Schwäbische Zeitung (Laupheim)
Zwischen Corona und Präsidentenwahl
Wie eine Schwendierin ihren Studienanfang in Amerika erlebt
SCHWENDI - „Inzwischen bin ich sehr froh, dass ich hierher nach Texas geflogen bin“, sagt die 18-jährige Eva Riekenbrauck aus Schwendi. Der Anfang gestaltete sich allerdings schwierig – ein fremdes Land, ein Semesterbeginn an einer fremden Universität und dazu die Corona-Pandemie, die alles noch komplizierter macht. Das alles hat einige Herausforderungen mit sich gebracht.
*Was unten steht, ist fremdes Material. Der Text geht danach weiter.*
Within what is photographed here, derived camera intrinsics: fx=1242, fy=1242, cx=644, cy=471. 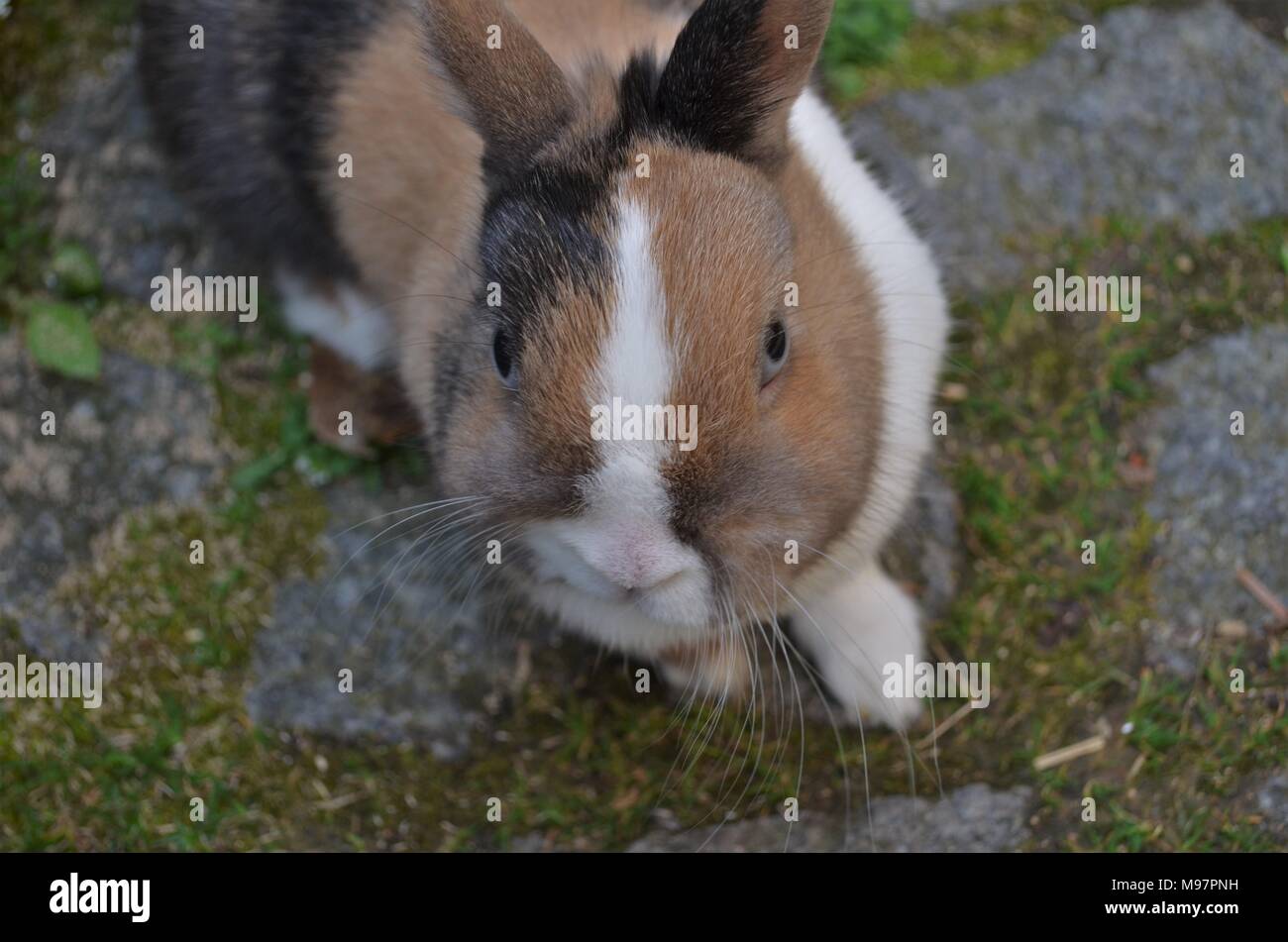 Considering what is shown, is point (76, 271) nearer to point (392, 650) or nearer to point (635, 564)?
point (392, 650)

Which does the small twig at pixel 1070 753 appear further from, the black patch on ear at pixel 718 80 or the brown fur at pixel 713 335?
the black patch on ear at pixel 718 80

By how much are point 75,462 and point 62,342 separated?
410mm

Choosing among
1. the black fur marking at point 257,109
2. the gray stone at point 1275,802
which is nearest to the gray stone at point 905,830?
the gray stone at point 1275,802

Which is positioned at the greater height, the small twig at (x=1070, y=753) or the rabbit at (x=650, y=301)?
the rabbit at (x=650, y=301)

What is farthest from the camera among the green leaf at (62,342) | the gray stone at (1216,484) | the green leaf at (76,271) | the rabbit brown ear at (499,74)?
the green leaf at (76,271)

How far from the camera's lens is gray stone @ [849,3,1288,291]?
4.14m

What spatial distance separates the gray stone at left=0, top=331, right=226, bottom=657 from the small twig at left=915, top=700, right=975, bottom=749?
7.89ft

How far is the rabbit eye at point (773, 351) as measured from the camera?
2.56 meters

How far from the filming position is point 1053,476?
391 cm

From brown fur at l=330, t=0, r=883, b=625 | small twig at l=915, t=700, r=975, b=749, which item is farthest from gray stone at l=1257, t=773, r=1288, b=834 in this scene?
brown fur at l=330, t=0, r=883, b=625

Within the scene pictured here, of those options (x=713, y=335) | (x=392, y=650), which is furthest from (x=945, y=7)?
(x=392, y=650)

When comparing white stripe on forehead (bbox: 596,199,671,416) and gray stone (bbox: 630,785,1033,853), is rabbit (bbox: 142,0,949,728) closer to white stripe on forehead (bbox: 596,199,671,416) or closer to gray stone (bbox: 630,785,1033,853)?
white stripe on forehead (bbox: 596,199,671,416)

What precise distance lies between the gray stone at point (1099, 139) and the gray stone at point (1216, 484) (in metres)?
0.53

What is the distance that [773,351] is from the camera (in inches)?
102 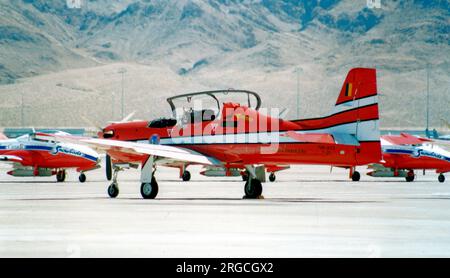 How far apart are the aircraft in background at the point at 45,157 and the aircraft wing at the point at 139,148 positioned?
1268cm

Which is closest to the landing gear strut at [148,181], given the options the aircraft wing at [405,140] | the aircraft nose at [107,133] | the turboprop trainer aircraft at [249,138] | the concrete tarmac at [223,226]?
the turboprop trainer aircraft at [249,138]

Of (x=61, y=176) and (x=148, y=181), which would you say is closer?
(x=148, y=181)

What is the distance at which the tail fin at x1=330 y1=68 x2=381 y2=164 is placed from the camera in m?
22.7

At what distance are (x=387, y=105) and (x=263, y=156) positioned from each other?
15431 cm

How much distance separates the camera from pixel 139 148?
23.7 m

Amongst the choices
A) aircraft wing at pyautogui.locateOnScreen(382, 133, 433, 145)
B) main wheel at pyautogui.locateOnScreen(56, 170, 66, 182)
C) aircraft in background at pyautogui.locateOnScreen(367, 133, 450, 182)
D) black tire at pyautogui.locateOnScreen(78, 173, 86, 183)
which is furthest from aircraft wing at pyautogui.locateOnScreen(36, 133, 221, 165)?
aircraft wing at pyautogui.locateOnScreen(382, 133, 433, 145)

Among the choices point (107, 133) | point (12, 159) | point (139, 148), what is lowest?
point (12, 159)

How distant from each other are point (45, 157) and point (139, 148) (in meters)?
14.9

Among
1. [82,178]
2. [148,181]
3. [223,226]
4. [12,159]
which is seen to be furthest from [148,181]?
[12,159]

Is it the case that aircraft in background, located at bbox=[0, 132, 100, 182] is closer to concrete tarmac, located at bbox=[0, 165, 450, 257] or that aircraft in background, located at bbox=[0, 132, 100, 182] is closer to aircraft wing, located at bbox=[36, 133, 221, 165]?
concrete tarmac, located at bbox=[0, 165, 450, 257]

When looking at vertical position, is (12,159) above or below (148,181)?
above

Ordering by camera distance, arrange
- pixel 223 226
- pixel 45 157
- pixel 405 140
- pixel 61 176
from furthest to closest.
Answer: pixel 405 140 → pixel 45 157 → pixel 61 176 → pixel 223 226

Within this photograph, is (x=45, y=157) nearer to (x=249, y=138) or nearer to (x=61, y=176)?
(x=61, y=176) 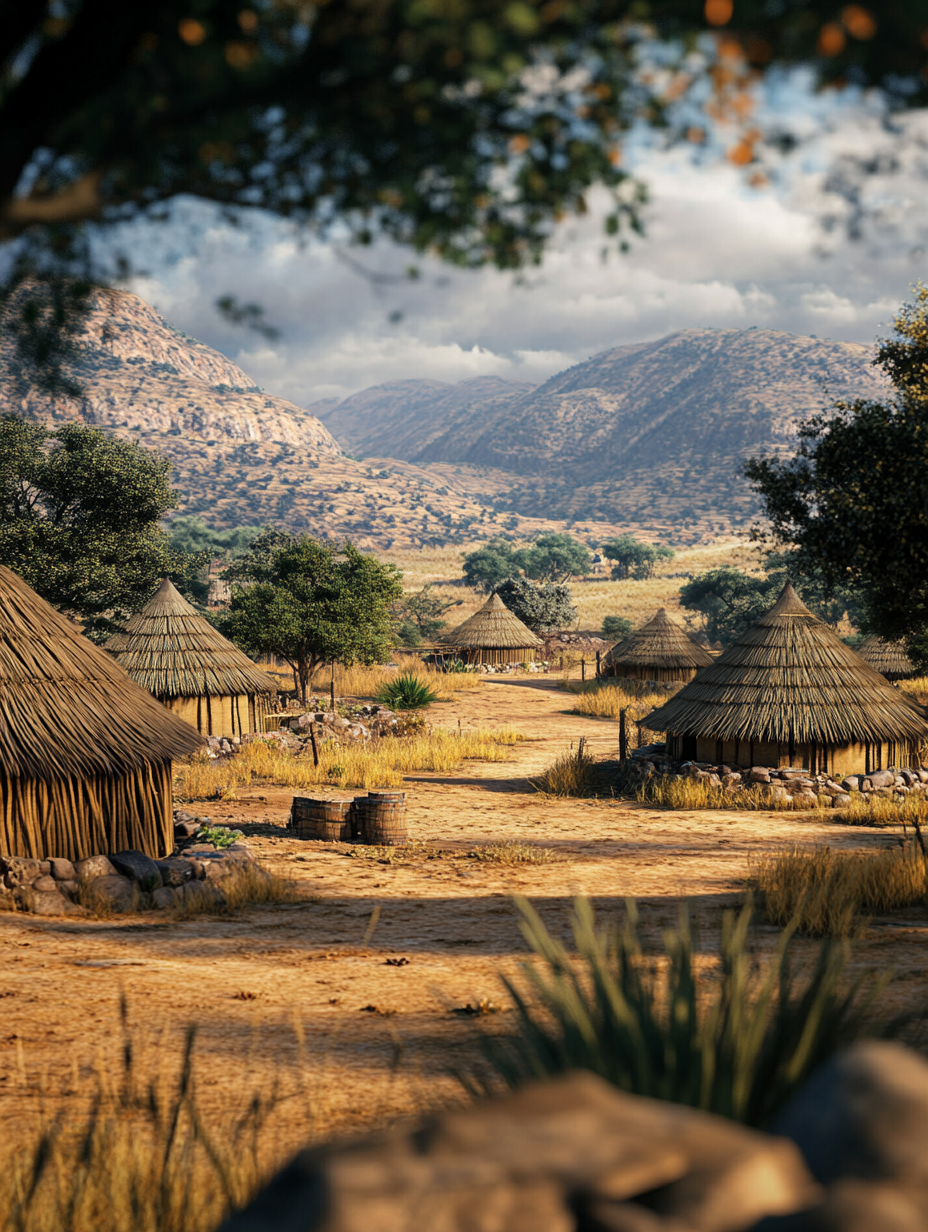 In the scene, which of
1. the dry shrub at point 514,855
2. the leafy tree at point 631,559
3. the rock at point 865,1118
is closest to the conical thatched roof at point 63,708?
the dry shrub at point 514,855

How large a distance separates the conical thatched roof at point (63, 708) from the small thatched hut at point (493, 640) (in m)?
30.9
Bis kurz vor ihrem Flug war nicht klar, ob sie ihr Studium überhaupt in Amerika beginnen kann, oder ob sie zunächst aus dem Homeoffice in Schwendi an den Online-Vorlesungen teilnehmen muss. „Im August konnte ich dann doch ein Visum beantragen und bin zwei Wochen später direkt geflogen“, erzählt Riekenbrauck. Nun hat sie einen Kurs vor Ort, ihre drei anderen Fächer erledigt sie online aus ihrem Zimmer in einer Studenten-WG auf dem Campus. Das Problem, mit dem sie sich direkt am Anfang auseinandersetzen musste: Leute kennenlernen ist auf diese Art schwierig. „Normalerweise gibt es auf dem Campus auch viele Events für Erstsemester, wo man schnell neue Freunde findet. Aber das ist jetzt natürlich alles nicht“, erzählt die 18-Jährige. „Am Anfang hatte ich deshalb sehr oft Heimweh.“
Das Gute an ihrem Studium sei aber, dass sie ein Tennis-Stipendium bekommen hat. Durch das Tennisteam hat sie deshalb andere Studierende kennengelernt. „Wir haben sogar drei Turniere außerhalb des Campus gespielt“, erzählt Riekenbrauck. Der Sport habe an ihrer Universität in Tyler überhaupt einen sehr großen Stellenwert. Die meisten Vorlesungen und Lehrveranstaltungen seien Vormittags, damit am Nachmittag genug Zeit für das Training bleibt. Bei dem muss sie übrigens immer die Sportklamotten der Uni tragen – was anfangs zu witzigen Situationen geführt hat: „Ich habe die Klamotten ausgepackt und sie waren viel zu groß“, erzählt sie. Ob sie neue bekommen hat? „Nö. Ich habe sie ein paar Mal in den Trockner getan!“
Abgesehen von den Tennisturnieren verlassen Studierende in Amerika
ihren Campus allerdings selten – vor allem in Zeiten der Corona-Pandemie. „Alles, was ich brauche, gibt es auf dem riesigen Campus. Das ist wie eine eigene Welt“, sagt Riekenbrauck. In einem zentralen Gebäude, dem University Center, seien eine Cafeteria, Klamottenläden, Schreibwarengeschäfte und vieles mehr. „Das ist vergleichbar mit dem Blautalcenter in Ulm, auch von der Größe her.“Auf dem Campus selbst sind neben den Gebäuden auch zwei Seen mit großen Parks – insgesamt ein sehr einladendes Bild, meint Riekenbrauck.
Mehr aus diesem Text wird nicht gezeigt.